Недавно звонил по телефону один дед, земляк. Ему вставили глаз. Точнее, хрусталик. На радостях дед рассказывает: где это делали, сколько заплатил, как звали врача и медсестер, и что теперь нужно беречься. Потому что вон одна женщина не береглась, носила сало, как кололи свинью, и хрусталик начал плохо видеть.
Вдруг спрашивает, слышал ли я, что умер Вадим такой-то и знал ли я покойника. Да, знал, он немного старше меня. А дед его вспомнил, потому что Вадим — сын нашего школьного учителя истории, а у того учителя был вставной стеклянный глаз. Странно, оба его глаза, стеклянный и настоящий, были одинаково насмешливы. Мы его очень боялись. Особенно девочки.
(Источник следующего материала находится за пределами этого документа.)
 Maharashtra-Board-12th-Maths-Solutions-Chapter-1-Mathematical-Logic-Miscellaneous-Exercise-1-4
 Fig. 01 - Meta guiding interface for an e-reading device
Вот одна выходит к доске и начинает:
— Александр Македонский и его во йскО.
— Что?! — глаза историка становятся совсем круглые.
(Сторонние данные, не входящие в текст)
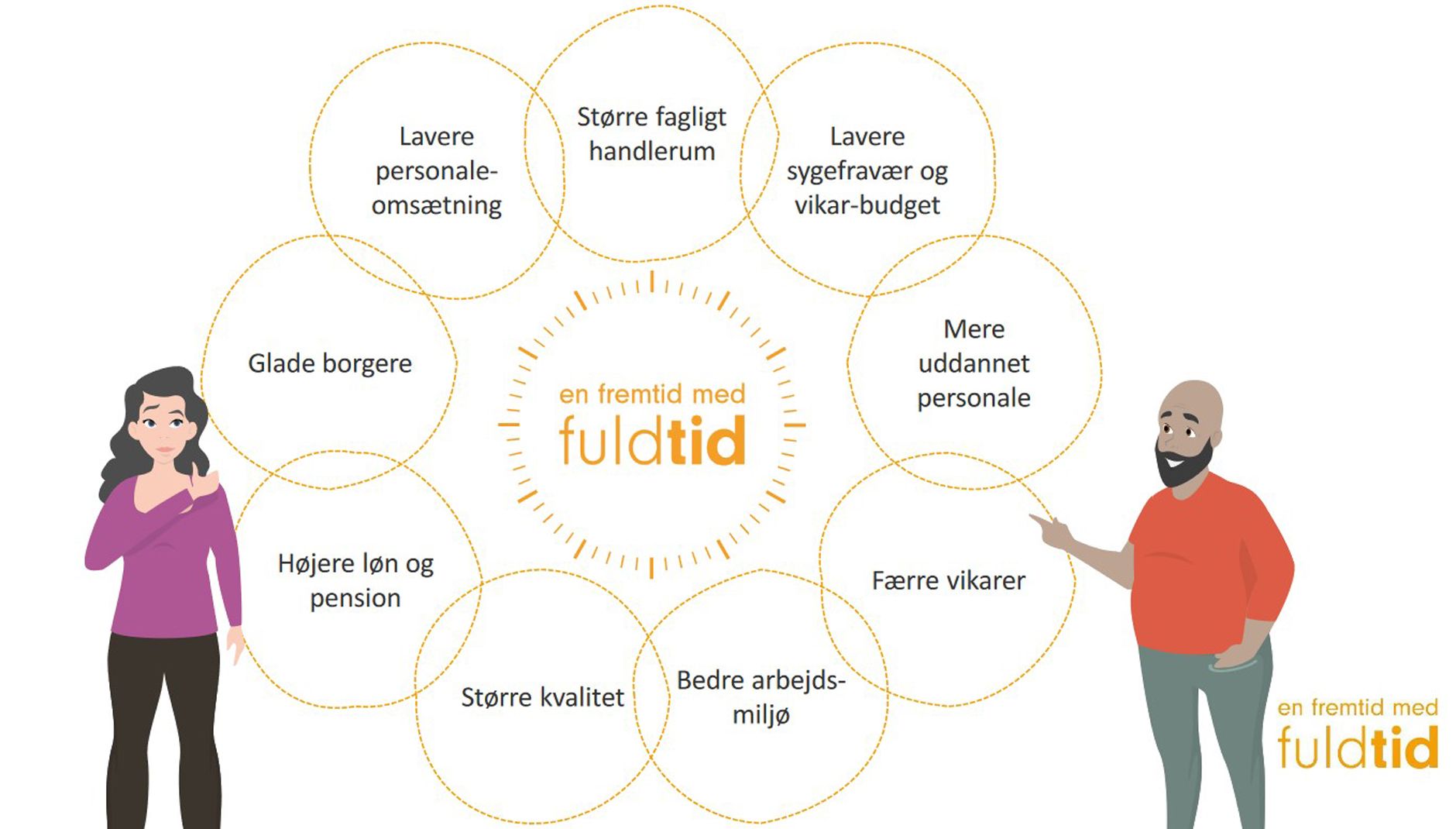 9 gode grunde til at flere på fuldtid er en god idé | VPT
— Войско, — говорит она, опять с ударением на первое "о".
Он смотрит на нее долго и молча. Она густо краснеет. В обоих его глазах читается: ты вон какая здоровая девушка, тебе замуж пора, а ты?!
Мы его очень боялись, особенно девочки
Он сам, нормальный сельский дядя, я теперь понимаю, считал свой предмет смешным, а то и непристойным. И с прижимом произносил все "не наши" слова. Поэтому и "патриции", и "плебеи" в его устах звучали одинаково презрительно. Его отношение к истории в сущности мало чем отличалось от нашего. Мы это не умели себе объяснить и не понимали, что любим его, нам казалось, что не любим. Все знали: стеклянный глаз у него левый. Говорят, среди наших ребят были такие герои, которые показывали ему дулю с левой стороны. Показывали как-то так, что эту дулю никто не видел. Хоть все в нее верили.
Его давно нет. А вот теперь не стало и его сына, который удивительным образом был похож на римского патриция.